Captioned web images:
%%

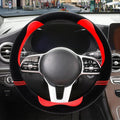 Furry Cute Soft Steering Wheel Cover 14 inch Black with Red | Fluffy Short Plush Car Accessories, Non-Slip Cold-Proof Sweat-Proof Colorfast, Small 13.5 inch to 14 inch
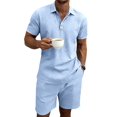 thumbnail image 2 of Men 2 Piece Outfits Casual Top and Pants Sets Light Blue XXXL, 2 of 10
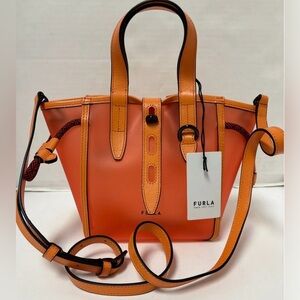 Furla Net Mini Tote Crossbody Satchel Bag - Orange PVC & Leather Trim - NWT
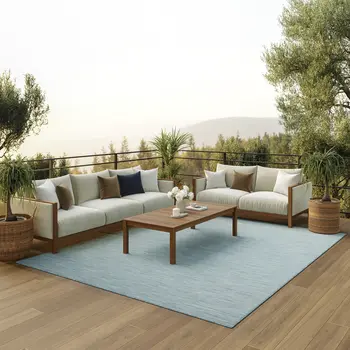 7' X 10' Aqua Indoor Outdoor Area Rug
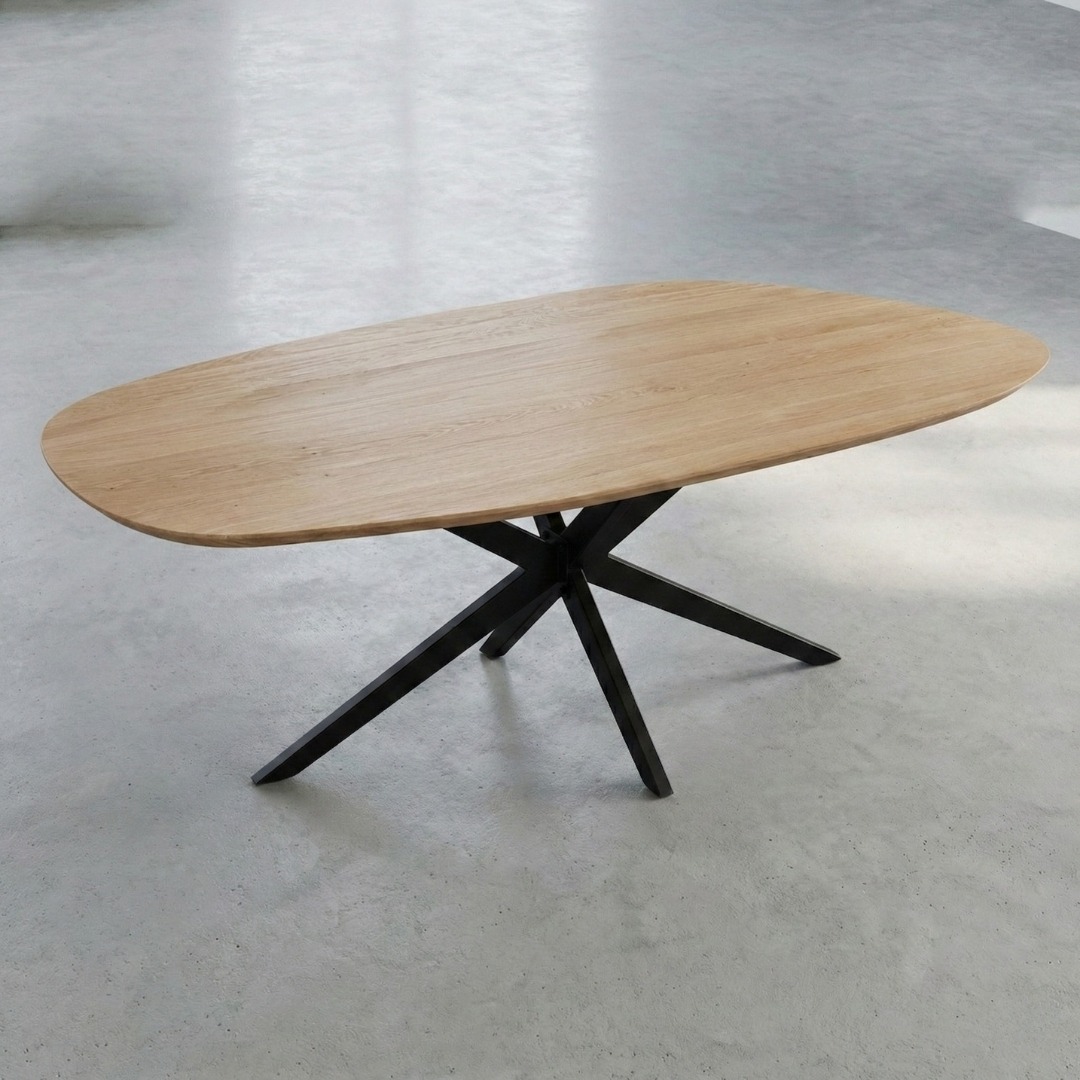 Pebble eikenhouten eettafel voor Japandi interieur - alternate view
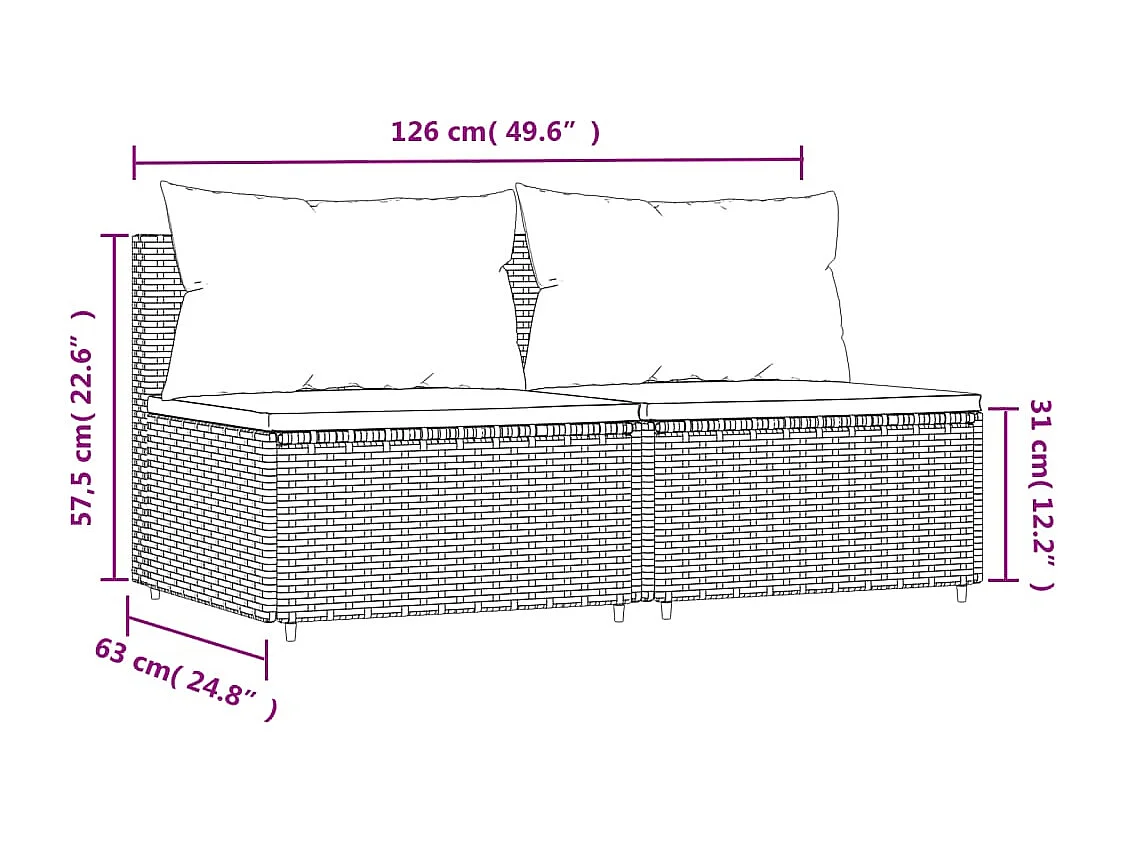 Canapés centraux de jardin et coussins 2pcs Noir Résine tressée
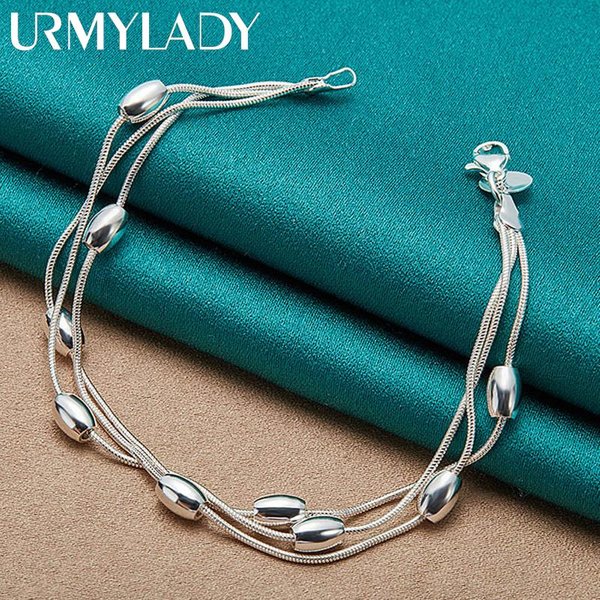 Pulsera De Plata De Ley 925 Con Cuentas, JoyeríA Fina A La Moda MB085 20Cm Black-image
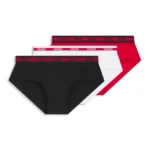Three-pack of logo-waistband briefs in stretch cotton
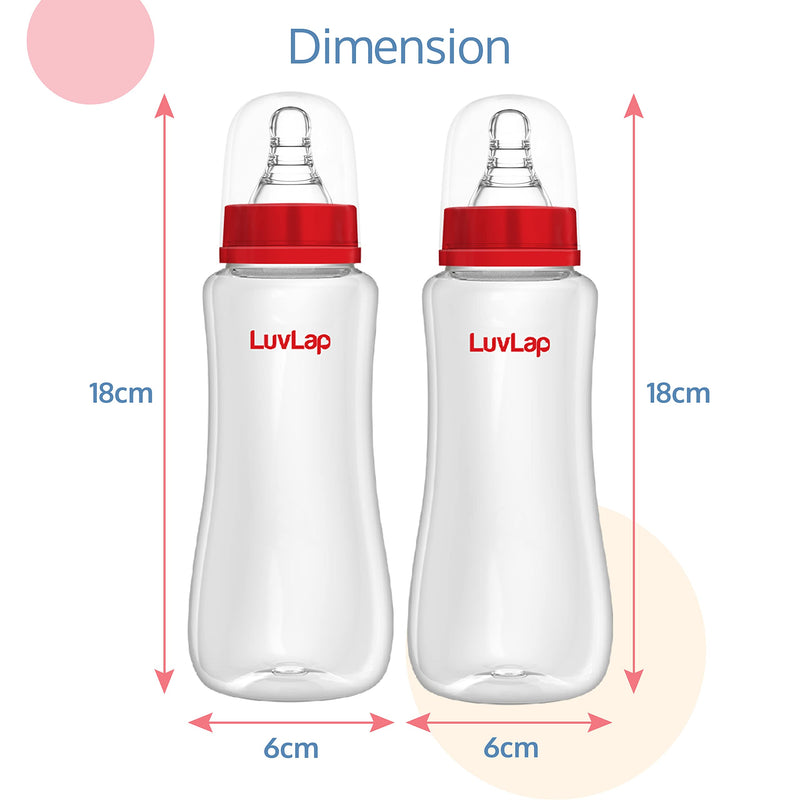 LuvLap Anti-Colic Slim/Regular Neck Essential Baby Feeding Bottle, 250ml (Pack of 2,transparent), New Born/Infants/Toddler Upto 3 Years, BPA Free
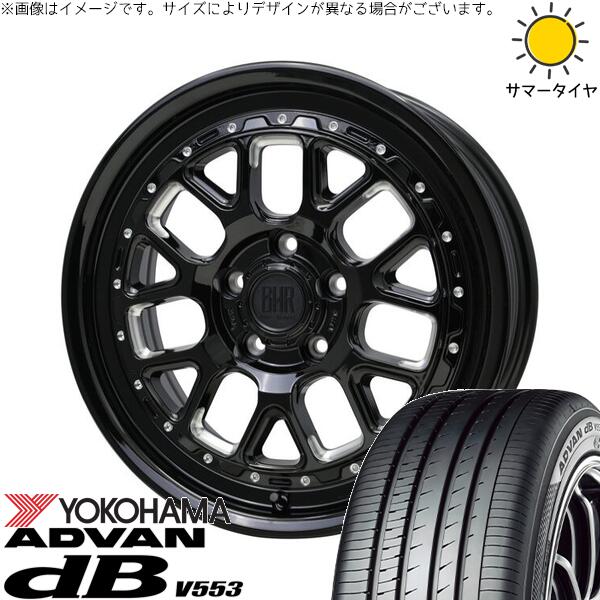 ヨコハマタイヤ アドバン デシベル V553 215/50R17 ＋ バークレイ ハードロック ヒューロン グロスブラック/マシニング 17インチ 7J +38 5H114.3P サマー・ホイール4本セット。1枚目。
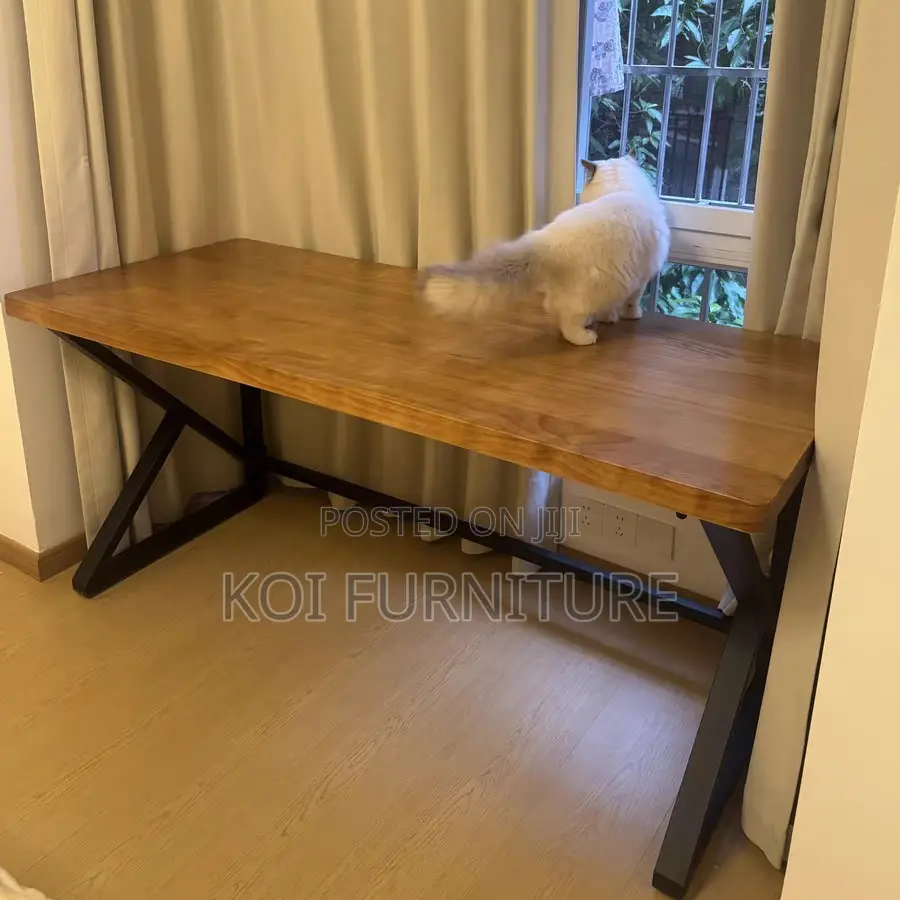 Office Desk : 1.2m Sturdy Black Metal K-Shaped Frame Desk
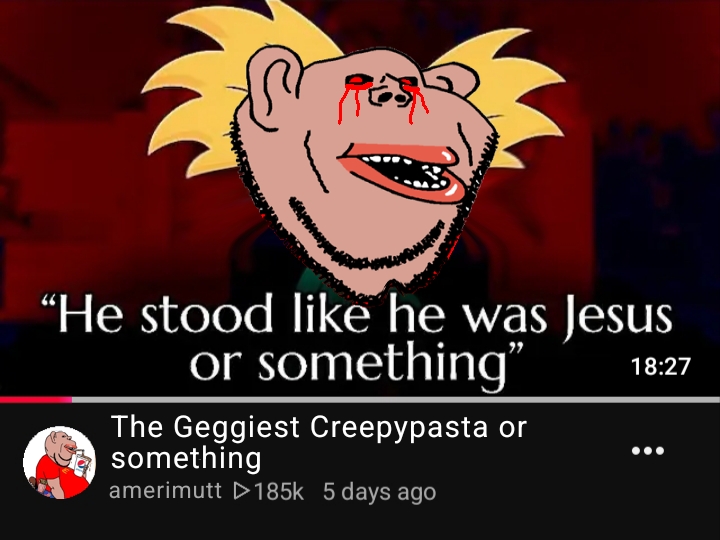 impish soyak ears, impish amerimutt, amerimutt, 2soyjaks, bald, bleeding, bleeding eyes, blood, creepypasta, ear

%%

What you need to do: No pictures belong in the output. Restate word for word only the lines from the one containing "ヨコハマタイヤ アドバン デシベル" to the end of the entries above.

Finished task:
 ヨコハマタイヤ アドバン デシベル V553 215/50R17 ＋ バークレイ ハードロック ヒューロン グロスブラック/マシニング 17インチ 7J +38 5H114.3P サマー・ホイール4本セット。1枚目。
 Office Desk : 1.2m Sturdy Black Metal K-Shaped Frame Desk
 impish soyak ears, impish amerimutt, amerimutt, 2soyjaks, bald, bleeding, bleeding eyes, blood, creepypasta, ear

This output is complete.